~ Capturing the context of contentment in everyday life
~Every Thursday, at Like Mother, Like Daughter!
Pretty
These pictures are from Easter, but the girls wore these dresses for Mass today (sufficient justification for me to show them here). Whenever the girls wear these dresses, we receive a flurry of compliments usually with the advice for Donnie and me to "enjoy this this time, because it goes by so quickly." Indeed, I relish the sight of my girls in these dresses with a sort of preemptive nostalgia. What better symbolizes the innocence and sanctity of girlhood than a smocked dress?
Happy
A pair of robins have set up housekeeping in the rododendrum by our front door. We noticed the nest over a week ago, and wondered at our luck. We had a direct view into the nest from our front stoop and a very good view from our guest room. Then passed many days when we didn't see a robin in the nest, and I reconciled myself that the robins had thought better of locating their nest next to such a nexus of noise. But lo and behold, today, on our return from Church, there were two perfect blue eggs in the nest, soon to be followed by a third.
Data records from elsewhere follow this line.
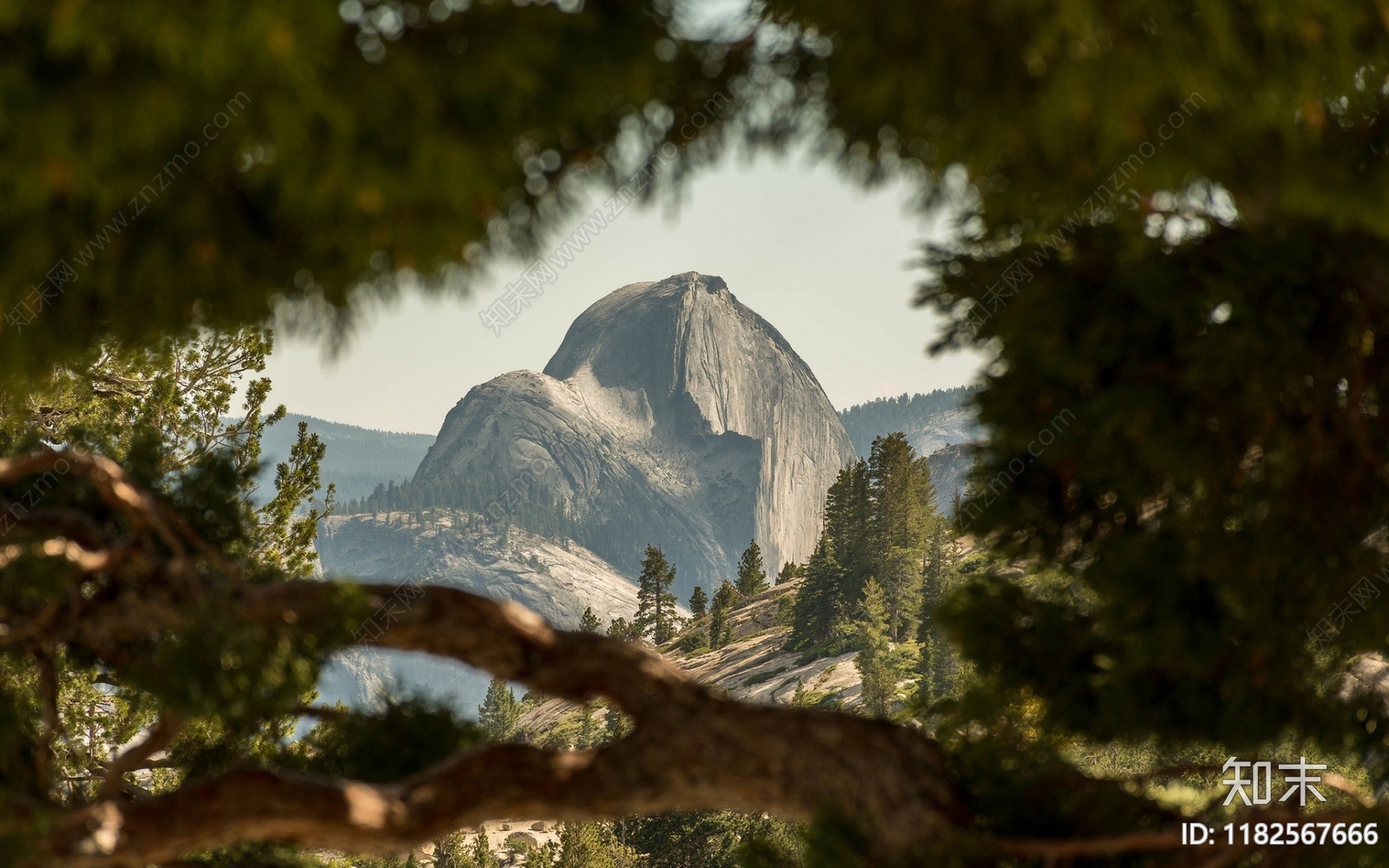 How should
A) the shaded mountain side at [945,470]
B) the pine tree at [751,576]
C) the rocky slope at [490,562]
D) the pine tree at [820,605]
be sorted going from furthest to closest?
1. the shaded mountain side at [945,470]
2. the rocky slope at [490,562]
3. the pine tree at [751,576]
4. the pine tree at [820,605]

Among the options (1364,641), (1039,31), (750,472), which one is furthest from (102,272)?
(750,472)

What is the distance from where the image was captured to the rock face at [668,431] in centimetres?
17612

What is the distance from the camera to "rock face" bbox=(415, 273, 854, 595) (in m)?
176

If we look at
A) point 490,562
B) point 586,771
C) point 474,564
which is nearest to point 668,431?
point 490,562

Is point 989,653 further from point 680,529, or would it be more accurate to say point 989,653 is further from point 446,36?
point 680,529

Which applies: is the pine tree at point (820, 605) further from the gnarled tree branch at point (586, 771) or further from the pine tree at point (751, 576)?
the gnarled tree branch at point (586, 771)

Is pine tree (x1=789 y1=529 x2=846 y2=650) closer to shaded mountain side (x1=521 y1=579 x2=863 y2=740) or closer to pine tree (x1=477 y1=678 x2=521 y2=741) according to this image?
shaded mountain side (x1=521 y1=579 x2=863 y2=740)

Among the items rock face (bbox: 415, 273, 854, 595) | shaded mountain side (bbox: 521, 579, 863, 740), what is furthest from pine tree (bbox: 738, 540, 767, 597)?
rock face (bbox: 415, 273, 854, 595)

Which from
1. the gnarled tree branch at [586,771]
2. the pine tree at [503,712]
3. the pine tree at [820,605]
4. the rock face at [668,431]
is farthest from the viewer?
the rock face at [668,431]

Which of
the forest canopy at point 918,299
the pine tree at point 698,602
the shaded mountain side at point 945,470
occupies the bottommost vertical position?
the forest canopy at point 918,299

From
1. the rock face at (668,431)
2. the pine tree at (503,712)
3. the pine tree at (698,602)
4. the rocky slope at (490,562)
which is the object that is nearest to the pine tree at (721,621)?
the pine tree at (698,602)

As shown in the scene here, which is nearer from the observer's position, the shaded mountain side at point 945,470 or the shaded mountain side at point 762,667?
the shaded mountain side at point 762,667

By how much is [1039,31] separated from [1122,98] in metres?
0.23

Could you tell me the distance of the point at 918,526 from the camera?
6078 cm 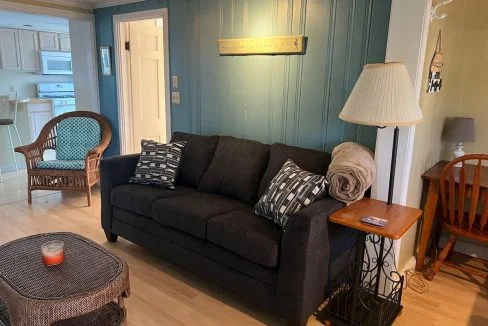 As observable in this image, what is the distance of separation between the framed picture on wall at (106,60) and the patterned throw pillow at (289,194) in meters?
2.91

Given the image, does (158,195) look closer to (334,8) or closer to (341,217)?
(341,217)

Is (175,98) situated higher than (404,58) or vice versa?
(404,58)

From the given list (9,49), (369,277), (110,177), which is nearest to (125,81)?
(110,177)

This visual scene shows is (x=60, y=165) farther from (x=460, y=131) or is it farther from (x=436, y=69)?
(x=460, y=131)

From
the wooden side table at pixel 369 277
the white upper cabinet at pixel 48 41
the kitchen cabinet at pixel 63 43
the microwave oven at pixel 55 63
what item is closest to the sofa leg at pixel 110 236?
the wooden side table at pixel 369 277

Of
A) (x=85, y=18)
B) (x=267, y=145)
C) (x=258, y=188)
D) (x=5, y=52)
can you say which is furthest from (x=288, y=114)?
(x=5, y=52)

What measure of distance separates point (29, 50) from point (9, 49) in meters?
0.35

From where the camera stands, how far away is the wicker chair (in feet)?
12.5

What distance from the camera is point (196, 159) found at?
304 centimetres

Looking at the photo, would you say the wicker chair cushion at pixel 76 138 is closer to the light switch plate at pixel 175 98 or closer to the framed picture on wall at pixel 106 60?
the framed picture on wall at pixel 106 60

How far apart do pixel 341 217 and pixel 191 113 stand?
213 cm

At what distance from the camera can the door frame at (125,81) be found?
12.3 feet

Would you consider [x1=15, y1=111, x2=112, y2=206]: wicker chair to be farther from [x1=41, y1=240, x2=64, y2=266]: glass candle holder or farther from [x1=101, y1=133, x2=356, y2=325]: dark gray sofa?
[x1=41, y1=240, x2=64, y2=266]: glass candle holder

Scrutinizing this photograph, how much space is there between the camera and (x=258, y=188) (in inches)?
103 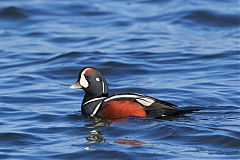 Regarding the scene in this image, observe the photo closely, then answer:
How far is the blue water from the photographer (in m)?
13.0

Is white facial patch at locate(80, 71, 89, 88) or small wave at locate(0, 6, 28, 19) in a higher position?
small wave at locate(0, 6, 28, 19)

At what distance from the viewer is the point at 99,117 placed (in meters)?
14.8

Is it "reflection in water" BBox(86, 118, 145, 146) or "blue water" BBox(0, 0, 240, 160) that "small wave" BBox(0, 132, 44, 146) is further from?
"reflection in water" BBox(86, 118, 145, 146)

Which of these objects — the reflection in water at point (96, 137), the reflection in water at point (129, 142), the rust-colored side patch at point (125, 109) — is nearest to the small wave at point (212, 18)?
the rust-colored side patch at point (125, 109)

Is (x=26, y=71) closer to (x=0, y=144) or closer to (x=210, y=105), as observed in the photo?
(x=210, y=105)

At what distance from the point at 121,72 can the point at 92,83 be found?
387cm

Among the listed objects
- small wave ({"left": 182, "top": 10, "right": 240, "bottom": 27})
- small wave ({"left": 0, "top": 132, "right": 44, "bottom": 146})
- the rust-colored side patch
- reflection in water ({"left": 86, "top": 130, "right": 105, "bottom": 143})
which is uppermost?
small wave ({"left": 182, "top": 10, "right": 240, "bottom": 27})

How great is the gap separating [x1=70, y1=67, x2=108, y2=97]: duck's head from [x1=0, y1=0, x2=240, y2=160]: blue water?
1.48 feet

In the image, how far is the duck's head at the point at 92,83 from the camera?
603 inches

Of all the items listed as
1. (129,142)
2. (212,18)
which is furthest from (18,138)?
(212,18)

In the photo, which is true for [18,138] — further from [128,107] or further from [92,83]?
[92,83]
Here is mother robin on her eggs.
Our robins are a sign that spring has finally found its stride here in northern Connecticut. We're enjoying it! Maria spends hours building fairy houses and setting out imaginary feasts on flat rocks. Lulu has taken a new interest in the climbing dome and an old interest in donning her magenta tutu swimming suit. Pippa is proving to be quite the outdoorsy toddler. She points her chubby finger at the door and cries and makes herself a nuisance until let out. Donnie has been clearing brush and making himself busy with the logs. He his fond of his outdoor kingdom.
As spring has unfurled around us, I've been reading The Secret Garden aloud to the girls. It's the perfect literary accompaniment, and does so much to open the senses and the heart to the season. It was one a my favorites as a child, and it's a joy to share it with the kiddos and see Maria's dawning sense of wonder. Louisa is not quite at the stage of wonderment, but she has at least gleaned that we do not want to be like Colin, and throw tantrums! (And, indeed, we have no excuse, because we are not stuck in bed believing that our backs are crooked!)
Maria tending her garden. |
One of Maria's fairy houses. |
Funny
Donnie relayed the following conversation:
Lulu:
Don: What are you singing?
Lulu: It's a song that's never been singed before.
Don: What's it about?
Lulu: It's about pirates and a land full of princesses and Cinderella and Snowwhite, and Belle and a war and the princesses are wearing pink dresses and the pirates are fighting the princesses.
Don: How does it end?
Lulu: The ship sinks and the land sinks.
It's so very Lulu to sing about pirates and princesses at war. Louisa combines a deep love of fanciness with a willingness to wield violence. Happily, it's mostly theoretical violence. For a while, her stock retaliation to any imaginary bad guy was to "cut his fingers off."
Real
This is shot from our guest room, which doubles as a craft room. It offers just a small glimpse of the disorder that reigns around here. I am trying to focus of creating oases of order. This room is still very much a desert.